Set down exactly the lines running from the one with "Oskar 100m Entfernung" to the last line of the listing below, both included, and skip every picture.

Data section -
=== Section Start ===
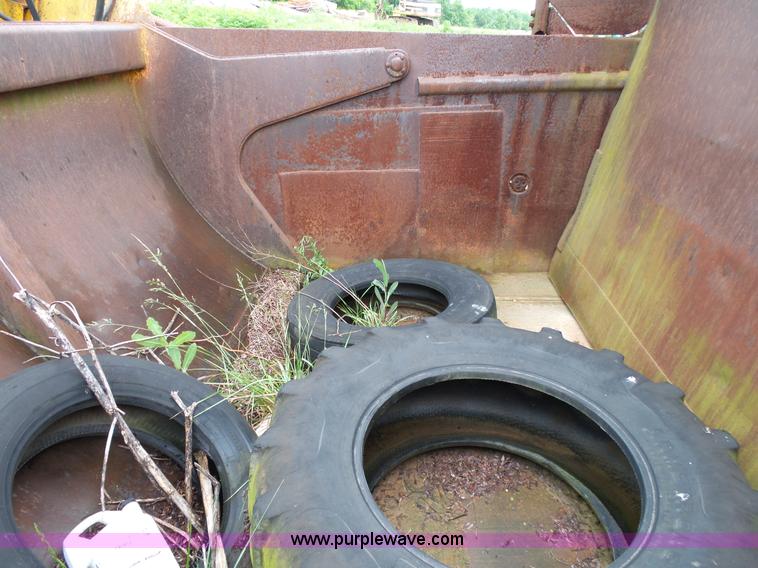 image for item L2044 International 433 Pay Scraper conventional scraper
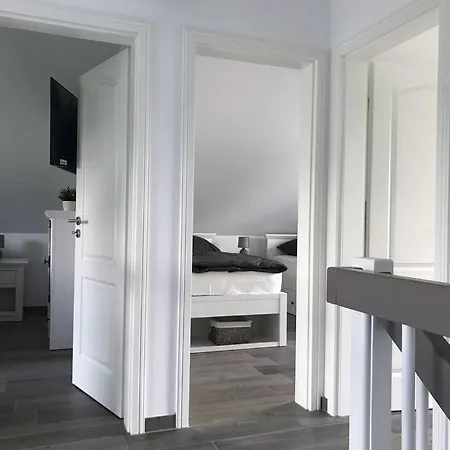 Oskar 100m Entfernung Zum See/strand * Lobnitz (Saxony)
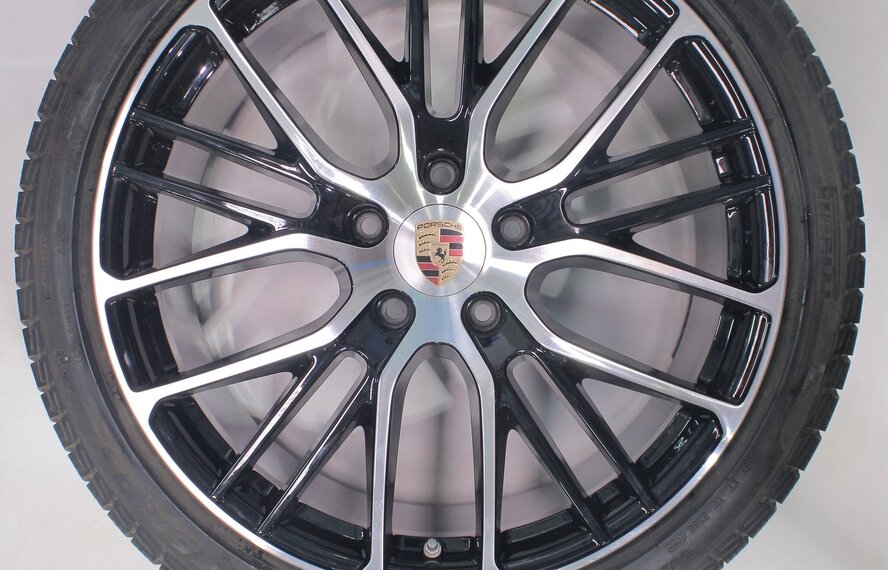 Porsche Porsche Panamera 971 21 inch velgen Pirelli Winterbanden Origineel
=== Section End ===
Written answer -
 Oskar 100m Entfernung Zum See/strand * Lobnitz (Saxony)
 Porsche Porsche Panamera 971 21 inch velgen Pirelli Winterbanden Origineel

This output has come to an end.